Lake itty bitty Titicaca. Our final excursion in Peru. Sitting at over 4000 meters, it is the highest navigable lake in the world. On the ballot for the new seven natural wonders of the world, this destination was not something I was about to pass up. but then, that was never the question. What Lenay and I had been debating over the last week was how to get there. Between taking a travel agency and journeying it on my own, I felt like such a high profile destination would be a cakewalk in procuring an agency. I just wanted to cut out the middle man in Cusco. I'm cheap, really.
As it turned out, my Swiss roomate Alexia was making a detour through Puno on her way to work at Arequipa. relying on the old maxim of safety in numbers, Lenay eventually came around to risking it on our own. After all, I'm approached by twenty travel agencies in Cusco every day. There's bound to be one or two in Puno. So after Alexia's tearful goodbye to Pati and our family, we took a three sol cab ride to terminal terrestre, and left Cusco on the San Martin Line, bound for Puno.
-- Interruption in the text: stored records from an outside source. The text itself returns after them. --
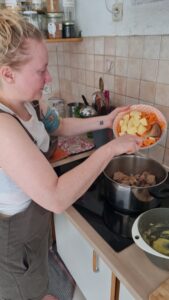 Mettre dans le faitout les pommes de terre et les carottes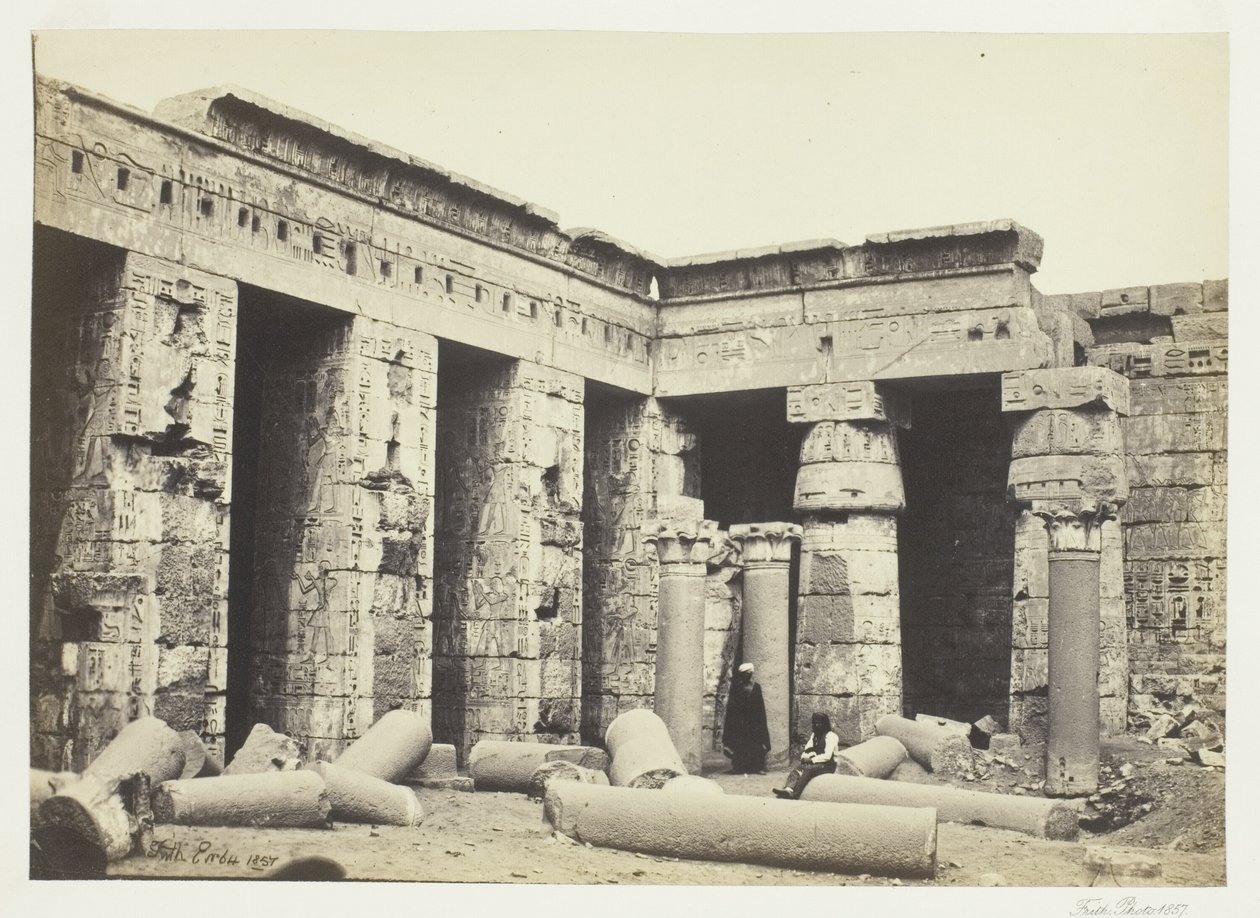 Tribunal interior de Medinet Habbo, Tebas de Francis Frith
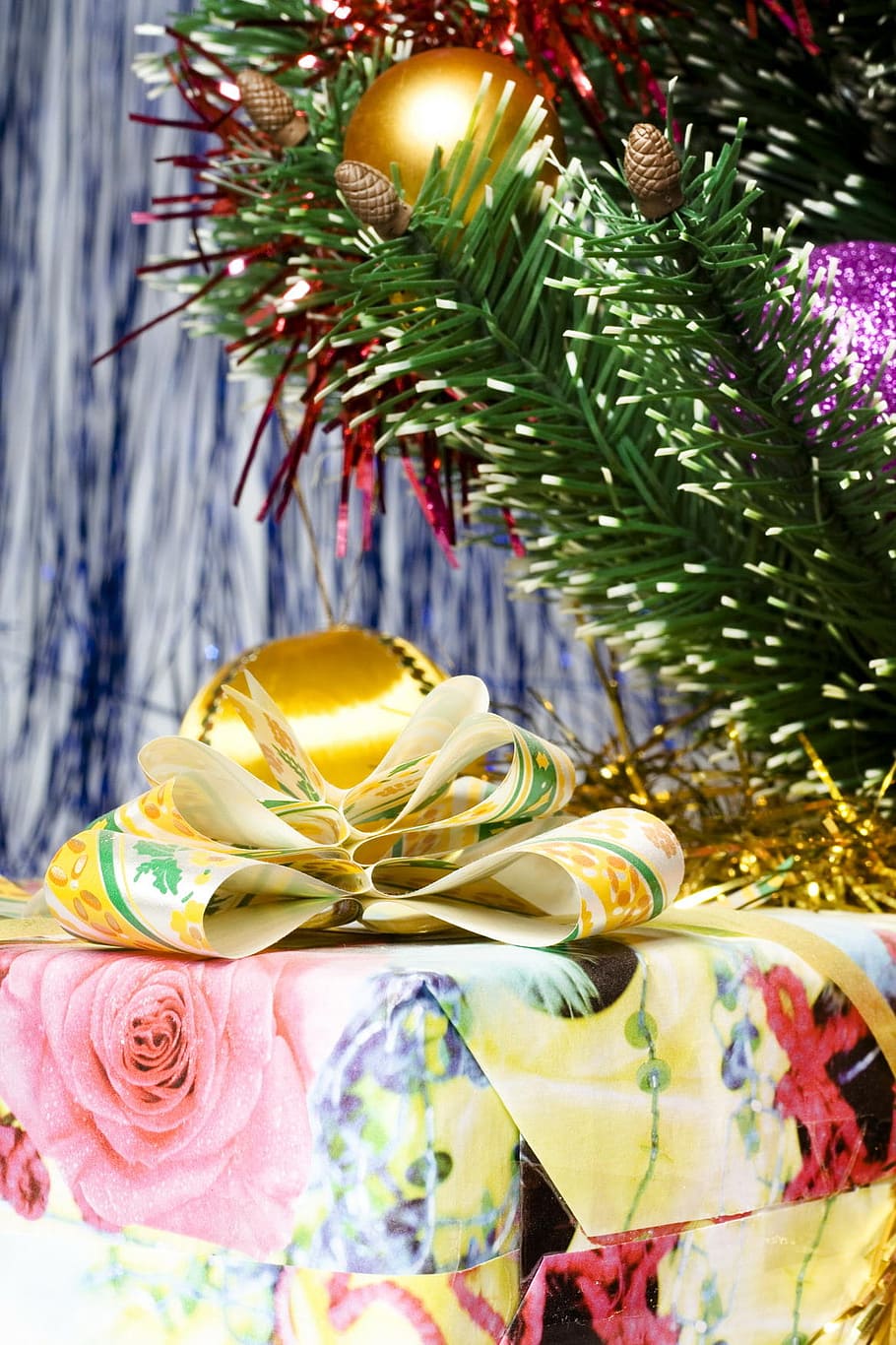 background, celebration, christmas, decor, decoration, holiday, merry, ornament, vibrant, xmas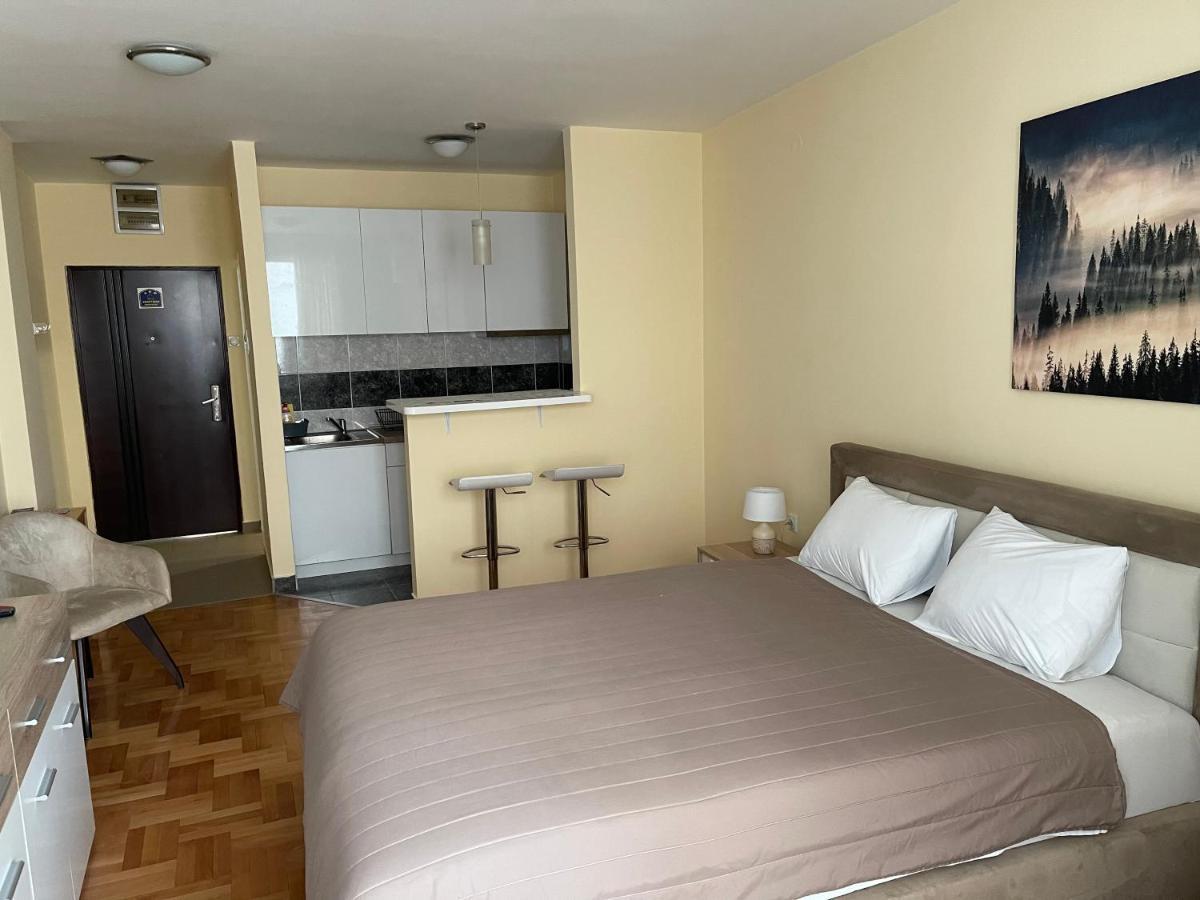 Trident Apartments 2 Ni Buitenkant foto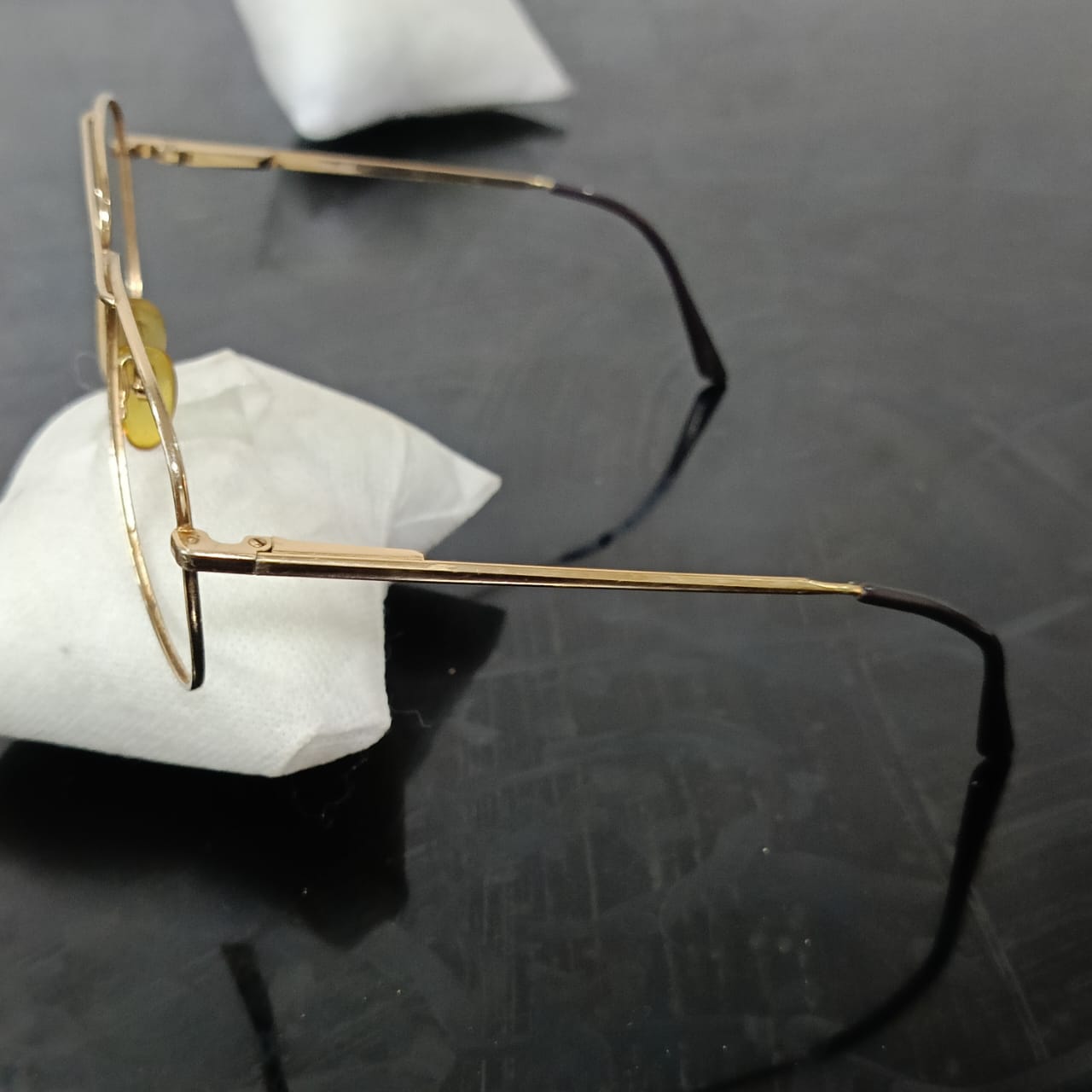 Cadre du lunette plaqué or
The ride to Puno was unique for two reasons. First, this was the first time I got to enjoy the lower level of those double decker monstrosities. Eating bananas and bread while reclining in a bed like coach seat, we were all entertained with a pirate copy of Rambo 4, liberating villages somewhere far off in east Asia. After ninety minutes or so of explosions, severed limbs and fascist killing, our bus rolled to a stop at one of the regular highway checkpoints. Accustomed to these stops, no one gave it any mind. An hour later or so I could see three Peruvian cops haranguing the bus driver through my fogged up window. Lenay asked me what I thought the problem could be. Dryly responding,' oh he probably hasn't been driving with his lights on or something.' I didn't give it much thought after that. Another passenger boarded the bus ten minutes later however, and nervously informed the rest of us that the driver had indeed been driving with only one functional (of four) headlights. Well that was an ironic kick in the teeth. It goes with out saying that the next three hours were spent anxious, watching the coach's flashers flicker on with every oncoming car. I do not recommend putting your life in the hands of a Peruvian bus driver, who drives through the Andes soley by memory. For some reason it just does not seem like the best idea.